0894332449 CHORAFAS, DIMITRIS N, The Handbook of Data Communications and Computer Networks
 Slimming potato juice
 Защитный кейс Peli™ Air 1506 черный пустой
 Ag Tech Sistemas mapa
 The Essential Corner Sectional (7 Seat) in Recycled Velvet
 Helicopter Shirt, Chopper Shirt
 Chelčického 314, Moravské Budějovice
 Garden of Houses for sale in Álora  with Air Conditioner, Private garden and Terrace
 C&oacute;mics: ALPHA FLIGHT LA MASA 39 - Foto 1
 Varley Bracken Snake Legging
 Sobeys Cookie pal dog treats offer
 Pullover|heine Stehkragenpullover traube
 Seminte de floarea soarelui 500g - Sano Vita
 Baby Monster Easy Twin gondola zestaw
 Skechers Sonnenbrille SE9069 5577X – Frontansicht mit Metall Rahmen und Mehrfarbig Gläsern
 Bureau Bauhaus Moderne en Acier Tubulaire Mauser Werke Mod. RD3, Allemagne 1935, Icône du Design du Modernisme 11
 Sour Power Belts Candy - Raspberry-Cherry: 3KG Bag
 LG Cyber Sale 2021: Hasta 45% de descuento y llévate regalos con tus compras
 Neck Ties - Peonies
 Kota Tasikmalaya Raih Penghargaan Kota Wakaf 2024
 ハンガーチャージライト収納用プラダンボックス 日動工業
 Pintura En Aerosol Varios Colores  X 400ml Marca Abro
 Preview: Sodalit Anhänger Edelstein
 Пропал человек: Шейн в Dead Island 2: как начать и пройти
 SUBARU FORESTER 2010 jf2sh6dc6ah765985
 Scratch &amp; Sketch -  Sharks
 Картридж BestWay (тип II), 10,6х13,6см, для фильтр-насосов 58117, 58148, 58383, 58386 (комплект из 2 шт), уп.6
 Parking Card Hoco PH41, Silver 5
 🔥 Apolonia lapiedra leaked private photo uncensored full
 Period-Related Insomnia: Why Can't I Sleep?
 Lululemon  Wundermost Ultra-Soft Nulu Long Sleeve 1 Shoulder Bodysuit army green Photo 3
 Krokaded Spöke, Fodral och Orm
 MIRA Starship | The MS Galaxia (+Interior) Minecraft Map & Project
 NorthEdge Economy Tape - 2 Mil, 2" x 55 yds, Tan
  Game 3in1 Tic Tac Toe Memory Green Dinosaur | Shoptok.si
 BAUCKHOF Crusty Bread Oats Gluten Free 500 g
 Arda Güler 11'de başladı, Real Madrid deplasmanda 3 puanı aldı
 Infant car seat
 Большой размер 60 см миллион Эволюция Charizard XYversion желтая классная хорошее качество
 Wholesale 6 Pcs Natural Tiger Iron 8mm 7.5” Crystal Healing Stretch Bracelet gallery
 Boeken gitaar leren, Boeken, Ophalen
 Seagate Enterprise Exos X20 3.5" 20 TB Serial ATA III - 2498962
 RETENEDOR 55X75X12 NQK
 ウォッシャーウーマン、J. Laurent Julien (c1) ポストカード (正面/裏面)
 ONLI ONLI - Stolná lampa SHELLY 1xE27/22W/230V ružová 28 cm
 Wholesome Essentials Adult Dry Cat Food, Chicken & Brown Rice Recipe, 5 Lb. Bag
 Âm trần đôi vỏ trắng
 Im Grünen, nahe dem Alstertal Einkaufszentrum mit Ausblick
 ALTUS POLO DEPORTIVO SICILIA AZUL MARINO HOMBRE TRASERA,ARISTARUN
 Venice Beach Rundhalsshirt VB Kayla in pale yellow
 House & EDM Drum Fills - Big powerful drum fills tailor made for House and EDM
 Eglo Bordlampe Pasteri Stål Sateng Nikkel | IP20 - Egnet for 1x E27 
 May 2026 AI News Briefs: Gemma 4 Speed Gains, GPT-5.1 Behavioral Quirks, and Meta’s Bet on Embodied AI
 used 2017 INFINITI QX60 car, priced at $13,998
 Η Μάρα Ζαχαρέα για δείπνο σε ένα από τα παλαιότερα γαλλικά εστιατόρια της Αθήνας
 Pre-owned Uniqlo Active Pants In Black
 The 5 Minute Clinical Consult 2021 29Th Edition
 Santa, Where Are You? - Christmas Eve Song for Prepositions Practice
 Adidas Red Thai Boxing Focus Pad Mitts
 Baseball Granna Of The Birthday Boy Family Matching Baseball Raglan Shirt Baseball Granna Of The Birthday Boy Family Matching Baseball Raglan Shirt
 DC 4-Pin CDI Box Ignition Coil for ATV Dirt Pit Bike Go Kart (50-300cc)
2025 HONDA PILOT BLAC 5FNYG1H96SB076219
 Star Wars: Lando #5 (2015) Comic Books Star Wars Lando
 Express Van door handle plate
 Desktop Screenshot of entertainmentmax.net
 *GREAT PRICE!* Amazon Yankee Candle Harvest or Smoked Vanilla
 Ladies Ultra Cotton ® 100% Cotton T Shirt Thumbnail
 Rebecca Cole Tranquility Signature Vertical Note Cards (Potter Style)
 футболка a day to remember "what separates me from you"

#### [AIM OF THE EXERCISE]
The response must consist solely of the lines from the top of the records through the line holding "Garden of Houses", copied word for word.

#### [RESULT OF THE TASK]
0894332449 CHORAFAS, DIMITRIS N, The Handbook of Data Communications and Computer Networks
 Slimming potato juice
 Защитный кейс Peli™ Air 1506 черный пустой
 Ag Tech Sistemas mapa
 The Essential Corner Sectional (7 Seat) in Recycled Velvet
 Helicopter Shirt, Chopper Shirt
 Chelčického 314, Moravské Budějovice
 Garden of Houses for sale in Álora  with Air Conditioner, Private garden and Terrace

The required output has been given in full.